For example, Austin's biggest employers include University of Texas, Advanced Micro Devices and Dell. That wide range might have something to do with the area's relatively low January 2009 unemployment rate of 6.4%.
This is the opposite of what happened in true housing boom-and-bust towns like Las Vegas. In 2004, Vegas--a foreclosure mecca--saw a population increase of 4.6%, followed by 3.66% in 2005, 3.98% in 2006 and 3.22% in 2007. In 2008, that number fell to 2%.
The Power of Business
When it comes down to it, a buzzing business community is a metro area's most important characteristic, says Sean C. Safford, a professor at the University of Chicago and author of Why the Garden Club Couldn't Save Youngstown: The Transformation of the Rust Belt. He studies the social economics of U.S. cities and metro areas.
"Perception is driven by the vibrancy of the companies in an area," he says.
However, that doesn't mean that these metros won't suffer from a slowdown in population when 2009's numbers are released next year.
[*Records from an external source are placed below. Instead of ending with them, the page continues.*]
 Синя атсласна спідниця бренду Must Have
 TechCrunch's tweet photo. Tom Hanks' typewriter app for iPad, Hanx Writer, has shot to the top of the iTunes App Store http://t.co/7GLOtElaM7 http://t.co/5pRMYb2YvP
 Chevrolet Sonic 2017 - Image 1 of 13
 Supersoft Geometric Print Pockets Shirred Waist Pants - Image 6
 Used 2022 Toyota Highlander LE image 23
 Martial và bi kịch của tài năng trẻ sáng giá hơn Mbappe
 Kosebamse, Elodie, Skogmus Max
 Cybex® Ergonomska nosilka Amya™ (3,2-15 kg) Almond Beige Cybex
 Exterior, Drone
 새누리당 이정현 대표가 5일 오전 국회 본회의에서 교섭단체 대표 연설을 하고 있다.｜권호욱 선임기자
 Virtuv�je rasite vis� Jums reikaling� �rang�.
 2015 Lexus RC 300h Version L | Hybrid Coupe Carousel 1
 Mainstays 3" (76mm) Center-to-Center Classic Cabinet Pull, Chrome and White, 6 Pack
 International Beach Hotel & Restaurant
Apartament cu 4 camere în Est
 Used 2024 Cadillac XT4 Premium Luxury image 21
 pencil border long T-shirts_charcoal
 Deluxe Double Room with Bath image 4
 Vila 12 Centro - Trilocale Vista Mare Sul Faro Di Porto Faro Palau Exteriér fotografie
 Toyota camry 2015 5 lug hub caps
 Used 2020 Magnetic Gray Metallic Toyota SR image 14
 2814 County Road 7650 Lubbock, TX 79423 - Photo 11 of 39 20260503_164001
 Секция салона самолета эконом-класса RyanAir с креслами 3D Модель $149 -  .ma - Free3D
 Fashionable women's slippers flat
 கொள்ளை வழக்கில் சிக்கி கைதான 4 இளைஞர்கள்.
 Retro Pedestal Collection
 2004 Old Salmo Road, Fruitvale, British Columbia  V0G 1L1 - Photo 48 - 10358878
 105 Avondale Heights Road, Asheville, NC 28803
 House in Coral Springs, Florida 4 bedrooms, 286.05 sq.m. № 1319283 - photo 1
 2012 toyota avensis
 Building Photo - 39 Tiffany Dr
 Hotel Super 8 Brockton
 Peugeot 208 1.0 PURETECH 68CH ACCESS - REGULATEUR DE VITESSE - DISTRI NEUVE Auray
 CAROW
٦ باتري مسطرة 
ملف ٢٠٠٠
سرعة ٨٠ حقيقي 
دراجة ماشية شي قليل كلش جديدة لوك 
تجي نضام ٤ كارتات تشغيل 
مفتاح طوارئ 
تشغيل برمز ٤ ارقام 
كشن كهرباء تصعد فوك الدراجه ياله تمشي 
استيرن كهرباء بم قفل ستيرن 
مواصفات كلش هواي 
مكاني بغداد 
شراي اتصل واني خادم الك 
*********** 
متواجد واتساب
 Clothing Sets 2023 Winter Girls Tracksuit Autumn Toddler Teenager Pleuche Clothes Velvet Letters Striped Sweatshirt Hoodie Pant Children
Charlotte, for example, reported a 10.5% unemployment rate for January 2009, likely related to the fact that Bank of America is headquartered there. That high unemployment rate almost guarantees stunted growth in 2009.
"We don't quite yet know what the impact [of the ongoing recession] will be for 2009 populations," says Frey. "But we do know it's not going to get any better."
Indeed, where Americans are relocating today has little to do with where they'll be moving tomorrow.